Abstract

Purpose. We report the prevalence of age-related cataract (ARC) in the Jingan district of Shanghai and analyze the risk factors for ARC to be better prepared for the increasing burden of cataracts as a significant cause of visual impairment worldwide. Methods. From March to June 2010, a population-based, cross-sectional study was conducted in a community selected by stratified cluster sampling in the Jingan district of Shanghai. Residents aged 40 and older were recruited and investigated by questionnaires and ophthalmic examination. Univariate and multivariate logistic regression models were used to evaluate the association of these risk factors with any cataract. Results. A total of 2894 subjects aged 40 years and above were included in our study. Nine hundred forty-eight people (32.8%) were diagnosed with cataract, including 845 with bilateral cataracts (29.2%) and 292 with moderate and severe visual impairment (low vision, 10.1%). There were significant differences in low vision among different age groups and gender (Χ2age = 84.420, age < 0.001, Χ2gender = 7.696, gender = 0.021). For any cataract, we found age (OR = 1.107, 95% CI: 1.094–1.120) and refractive error (OR = 1.352, 95% CI: 1.127–1.622) were independent risk factors. Conclusion. The prevalence of cataract is estimated to be nearly one-third of the sample, increasing with age.

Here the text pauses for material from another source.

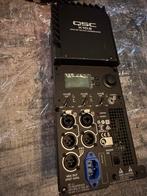 Qsc K10.2 actieve speaker module uniet 2000 watt  Nieuw !, Ophalen of Verzenden, Nieuw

We provided further evidence that age and refractive error are independent cataract risk factors.

1. Introduction

The crystalline lens is a vital part of the intraocular refractive system to focus objects on the retinal through an adjustable function. The opacity of the crystalline lens leads to cataract and visual impairment, especially in older adults. Based on the etiology, oxidative stress is the direct mechanism of lens opacity. Compared to the general population, the physical and mental health and quality of life of people with cataract are more likely to be affected [13]. Cataract surgery is a kind of effective way to deal with cataract, but it is acompanied with many surgical complications and expensive costs that present enormous social and economic problems to a society, especially in the remote and poor areas of developing countries [4, 5]. According to the report of the World Health Organization (WHO), cataract is the leading cause of visual impairment in the world, accounting for most blindness (51%) [6]. The prevalence of any cataract in Sweden was 31.5% [7], in Russia was 44.6% [8], and in Myanmar was 40.39% [9]. Furthermore, China has entered an aging society, and Shanghai is the city with the highest degree of aging in China. It is estimated that in 2010, the population aged 60 and over was 3.4697 million (15.07%) in Shanghai, based on the sixth national census statistics. As an increasingly aging population trend, the incidence of age-related cataract has increased significantly in China, posing challenges for health systems. For example, the number of people over 45 years affected by any cataracts is expected to be 240.83 million, and those diagnosed with ARC will be 187.26 million by 2050 [5]. Therefore, understanding the epidemiology of senile cataract is the first step in prevention and treatment and may help to inform policymakers and healthcare providers better and be prepared for the increasing burden of cataracts.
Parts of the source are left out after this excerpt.